You may not get super powers, but you will be extremely fit once you master these superhero moves.
From comics to movies, from lunch boxes to t-shirts, from theme parks to birthday party themes, superheroes are all the rage. They are so popular and so deeply ingrained in our pop culture and daily lives that we routinely use superhero references to describe and discuss things. Who wouldn’t want muscles like He-Man’s or Superman’s strength or Spider-Man’s agility? The sad story of the home workout team
It was only a matter of time before superheroes, among the fittest fictional characters in the universe, entered the realm of fitness in our world and inspired movements that would help humans become fitter, stronger, and more agile. Here are a handful of exercises inspired by the signature moves of various superheroes.

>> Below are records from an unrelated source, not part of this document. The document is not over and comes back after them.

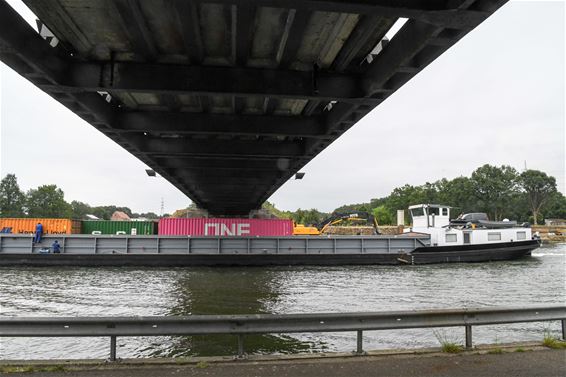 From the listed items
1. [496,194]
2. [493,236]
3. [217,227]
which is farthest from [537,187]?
[217,227]

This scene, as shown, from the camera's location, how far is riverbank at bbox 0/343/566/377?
4.77 metres

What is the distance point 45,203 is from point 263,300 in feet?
402

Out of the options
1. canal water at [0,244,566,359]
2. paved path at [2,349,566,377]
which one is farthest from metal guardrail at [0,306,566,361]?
canal water at [0,244,566,359]

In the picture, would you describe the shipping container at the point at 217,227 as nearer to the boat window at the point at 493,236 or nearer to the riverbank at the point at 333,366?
the boat window at the point at 493,236

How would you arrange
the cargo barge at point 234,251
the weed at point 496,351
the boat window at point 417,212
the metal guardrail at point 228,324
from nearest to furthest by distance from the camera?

Spider-Man Pushups:This exercise is inspired by the way Spider-Man crawls up walls in the comics. And what a great move this is for everything including warming up, upper body strength training, core and mobility. It’s a dynamic movement that engages your core much more than a regular push-up, since you need to move your legs one at a time. This helps load the core and increases resistance in the upper body and triceps.
You start on a high plank and then as you lower your torso towards the floor you bend one leg at the knee and up the side to the elbow then move it back to the starting position as you push yourself up and away from the floor. He repeats this on the other side and that counts as one repetition.
As a mobility exercise, you could perform the Spider-Man crawl. Not only is it a great mobility move to open up the hips and shoulders, but it also adds an element of cardio to his strength training. If a regular Spider-Man pushup feels easy, try slowing the movement down and feeling the burn. And to take it to another level, wear a weight vest.
gluttons: This is another move inspired by a popular Marvel character, although it does require equipment. You would need a cable crossover machine or light resistance bands to perform this one. He mimics the mutant superhero’s signature move in which he sticks out his claws and lowers them from chest level to either side of his hips in preparation to attack.
The cable crossover machine gives you the flexibility to choose a weight that works for you, but if you don’t have access to one, you can do this same move with a pair of lightweight resistance bands. This is an exercise that targets your upper back, which doesn’t engage enough when you’re working with free weights. The secondary muscles that feel the burn are the lats and the triceps. Have fun and see the difference when you add this move to your “after” days.
Superman: This is one of the easiest superhero exercises. He may have already performed a Sumerman at some point, even if he doesn’t really work out. This is a simple but great move that strengthens your lower back muscles and also works your core. It can be performed both as a static hold and as a dynamic movement by counting repetitions.
To do this, simply lie on the floor on your stomach and imitate the famous flying pose of the DC superhero by lifting your legs, arms and chest off the floor, while contracting your lower back and activating your core. If you do this pose for 30 seconds to a minute, then you would be performing it as a static-hold exercise. On the other hand, if you hold it for a couple of seconds before returning to the starting position and repeating it for 8 to 10 repetitions, then you would be performing it as a dynamic lower back strengthening exercise.
Superman push-ups: This move is perhaps the hardest on this list, but if you can pull it off, you’ll be pleased at what you can still do with your body. Superman’s pushup is nothing more than a regular pushup with some flying involved. It’s an explosive move and instead of improving his strength or agility, it serves more as evidence of his fitness levels.
You start with the board high, lower into a pushup, and then push yourself back up with enough power that, for a split second, your body is completely in the air. This is the top of the push-up where your body in the air is parallel to the floor, while your hands and legs are extended in a Superman flight. Before you can do this, you would need to master regular, plyometric, and clapping pushups.
The muscle groups worked by this extreme push-up are the same as those involved in a normal push-up. But this variation engages your core muscles a lot more and requires you to have more stability and control. After all, you need to land safely in the starting high plank position for the move to be a success.
Shrenik Avlani is a writer and editor and co-author of The Shivfit Waya book on functional fitness.